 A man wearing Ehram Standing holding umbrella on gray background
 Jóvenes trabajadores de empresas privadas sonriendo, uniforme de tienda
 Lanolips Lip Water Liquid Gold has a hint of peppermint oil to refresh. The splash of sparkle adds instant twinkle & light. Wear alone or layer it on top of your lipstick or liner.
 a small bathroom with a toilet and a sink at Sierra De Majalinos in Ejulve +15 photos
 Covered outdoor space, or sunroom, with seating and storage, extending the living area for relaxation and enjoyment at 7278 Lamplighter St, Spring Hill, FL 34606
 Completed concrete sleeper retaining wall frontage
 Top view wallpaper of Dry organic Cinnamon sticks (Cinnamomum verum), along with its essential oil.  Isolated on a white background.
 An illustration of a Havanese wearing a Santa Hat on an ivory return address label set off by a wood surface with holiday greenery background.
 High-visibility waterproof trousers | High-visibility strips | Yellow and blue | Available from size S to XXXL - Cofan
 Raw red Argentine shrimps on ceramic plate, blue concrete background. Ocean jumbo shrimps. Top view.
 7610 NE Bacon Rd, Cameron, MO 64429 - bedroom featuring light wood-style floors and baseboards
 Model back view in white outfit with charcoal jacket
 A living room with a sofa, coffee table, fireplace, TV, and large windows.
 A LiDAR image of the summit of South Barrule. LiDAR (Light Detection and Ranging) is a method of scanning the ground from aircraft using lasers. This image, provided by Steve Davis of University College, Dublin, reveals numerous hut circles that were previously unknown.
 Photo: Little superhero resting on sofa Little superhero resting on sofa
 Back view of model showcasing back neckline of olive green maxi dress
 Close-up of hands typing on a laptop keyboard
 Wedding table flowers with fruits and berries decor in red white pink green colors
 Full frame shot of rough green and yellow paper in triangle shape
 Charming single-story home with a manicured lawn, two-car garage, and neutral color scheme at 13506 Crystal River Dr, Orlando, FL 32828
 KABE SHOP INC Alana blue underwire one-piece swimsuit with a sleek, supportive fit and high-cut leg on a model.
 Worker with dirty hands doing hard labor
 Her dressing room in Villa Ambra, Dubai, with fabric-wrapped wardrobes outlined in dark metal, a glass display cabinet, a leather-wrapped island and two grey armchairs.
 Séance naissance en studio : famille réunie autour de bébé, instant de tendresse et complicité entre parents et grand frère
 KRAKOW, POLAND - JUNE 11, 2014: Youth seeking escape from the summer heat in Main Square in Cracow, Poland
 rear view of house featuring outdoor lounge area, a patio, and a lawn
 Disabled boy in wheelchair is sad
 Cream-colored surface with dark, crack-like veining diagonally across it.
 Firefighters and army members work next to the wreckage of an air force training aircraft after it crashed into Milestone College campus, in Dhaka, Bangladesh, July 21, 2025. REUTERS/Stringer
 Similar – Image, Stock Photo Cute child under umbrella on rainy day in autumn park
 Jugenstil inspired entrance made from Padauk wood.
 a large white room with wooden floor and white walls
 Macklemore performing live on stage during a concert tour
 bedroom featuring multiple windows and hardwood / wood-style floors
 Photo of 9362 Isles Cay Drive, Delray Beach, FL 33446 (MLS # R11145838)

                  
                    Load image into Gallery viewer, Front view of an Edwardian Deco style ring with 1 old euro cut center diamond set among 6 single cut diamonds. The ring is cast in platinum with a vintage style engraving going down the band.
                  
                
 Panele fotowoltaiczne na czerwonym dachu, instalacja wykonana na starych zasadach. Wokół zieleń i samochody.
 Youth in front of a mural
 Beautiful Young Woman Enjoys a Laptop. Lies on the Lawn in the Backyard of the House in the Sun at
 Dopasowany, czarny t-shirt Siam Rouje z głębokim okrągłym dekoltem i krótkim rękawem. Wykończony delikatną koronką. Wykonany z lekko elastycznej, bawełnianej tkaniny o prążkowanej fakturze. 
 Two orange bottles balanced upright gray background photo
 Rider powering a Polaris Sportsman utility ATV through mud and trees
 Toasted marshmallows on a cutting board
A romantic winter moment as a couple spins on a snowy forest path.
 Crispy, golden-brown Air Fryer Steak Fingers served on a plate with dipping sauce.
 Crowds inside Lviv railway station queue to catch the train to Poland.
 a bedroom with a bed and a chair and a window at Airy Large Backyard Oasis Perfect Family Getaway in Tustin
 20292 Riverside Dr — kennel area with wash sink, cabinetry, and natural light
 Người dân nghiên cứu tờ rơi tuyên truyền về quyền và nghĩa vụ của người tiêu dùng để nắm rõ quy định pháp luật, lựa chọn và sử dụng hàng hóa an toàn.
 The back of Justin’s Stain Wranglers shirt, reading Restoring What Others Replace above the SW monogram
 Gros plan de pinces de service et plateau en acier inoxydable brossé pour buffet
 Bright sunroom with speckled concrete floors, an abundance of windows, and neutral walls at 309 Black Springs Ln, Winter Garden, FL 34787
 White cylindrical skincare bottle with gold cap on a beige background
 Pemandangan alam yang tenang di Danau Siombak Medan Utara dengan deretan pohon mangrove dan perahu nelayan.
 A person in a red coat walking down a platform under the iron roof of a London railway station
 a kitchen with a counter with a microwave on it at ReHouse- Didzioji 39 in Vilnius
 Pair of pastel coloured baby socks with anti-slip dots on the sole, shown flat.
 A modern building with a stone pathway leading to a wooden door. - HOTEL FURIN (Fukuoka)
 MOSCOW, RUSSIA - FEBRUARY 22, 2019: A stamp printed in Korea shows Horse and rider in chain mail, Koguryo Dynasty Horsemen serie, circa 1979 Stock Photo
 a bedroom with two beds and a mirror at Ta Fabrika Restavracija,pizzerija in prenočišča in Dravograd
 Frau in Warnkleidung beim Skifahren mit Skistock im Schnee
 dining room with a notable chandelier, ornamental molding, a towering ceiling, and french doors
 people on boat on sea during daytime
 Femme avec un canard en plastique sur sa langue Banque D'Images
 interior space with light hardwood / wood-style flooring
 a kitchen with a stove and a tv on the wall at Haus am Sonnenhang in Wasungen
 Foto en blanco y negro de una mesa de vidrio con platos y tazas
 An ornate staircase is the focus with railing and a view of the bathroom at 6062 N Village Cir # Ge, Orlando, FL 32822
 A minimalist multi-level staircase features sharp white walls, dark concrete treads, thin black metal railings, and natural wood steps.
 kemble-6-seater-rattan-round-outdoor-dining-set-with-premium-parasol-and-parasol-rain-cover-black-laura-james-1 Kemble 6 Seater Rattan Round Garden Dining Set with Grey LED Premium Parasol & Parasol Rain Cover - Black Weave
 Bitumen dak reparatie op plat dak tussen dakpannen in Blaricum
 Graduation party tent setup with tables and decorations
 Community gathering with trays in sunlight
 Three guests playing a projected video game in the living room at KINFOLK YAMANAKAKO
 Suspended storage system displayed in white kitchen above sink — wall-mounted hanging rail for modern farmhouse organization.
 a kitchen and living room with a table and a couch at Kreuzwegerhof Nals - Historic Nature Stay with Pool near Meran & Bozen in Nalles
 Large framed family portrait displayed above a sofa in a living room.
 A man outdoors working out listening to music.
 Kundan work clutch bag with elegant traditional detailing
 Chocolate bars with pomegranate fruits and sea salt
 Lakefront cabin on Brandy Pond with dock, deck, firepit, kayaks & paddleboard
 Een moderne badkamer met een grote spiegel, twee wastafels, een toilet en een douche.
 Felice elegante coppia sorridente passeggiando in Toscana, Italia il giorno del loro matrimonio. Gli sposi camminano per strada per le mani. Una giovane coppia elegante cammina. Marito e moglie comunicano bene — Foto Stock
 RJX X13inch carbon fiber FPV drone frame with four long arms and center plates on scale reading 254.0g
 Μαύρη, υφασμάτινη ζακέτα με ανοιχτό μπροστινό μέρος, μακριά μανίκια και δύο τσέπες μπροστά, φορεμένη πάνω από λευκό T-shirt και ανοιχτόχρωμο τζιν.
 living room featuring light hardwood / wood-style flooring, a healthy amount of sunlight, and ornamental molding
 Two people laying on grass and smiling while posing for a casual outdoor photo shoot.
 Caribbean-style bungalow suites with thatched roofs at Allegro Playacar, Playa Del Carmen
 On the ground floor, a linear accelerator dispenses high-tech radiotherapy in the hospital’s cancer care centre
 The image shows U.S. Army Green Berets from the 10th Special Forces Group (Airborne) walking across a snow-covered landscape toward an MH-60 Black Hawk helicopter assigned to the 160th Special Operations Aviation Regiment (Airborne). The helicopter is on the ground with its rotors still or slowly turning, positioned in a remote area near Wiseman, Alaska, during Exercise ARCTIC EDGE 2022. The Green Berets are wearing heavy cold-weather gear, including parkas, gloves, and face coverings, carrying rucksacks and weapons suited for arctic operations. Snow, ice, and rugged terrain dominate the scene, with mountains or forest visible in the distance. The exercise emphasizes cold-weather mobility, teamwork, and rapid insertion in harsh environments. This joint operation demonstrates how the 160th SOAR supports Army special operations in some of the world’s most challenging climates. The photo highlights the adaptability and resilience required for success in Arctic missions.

========

__TASK DETAILS__
In the listing, find every line with the word "dark" and state how many there are, nothing more.

__RESPONSE AREA__
3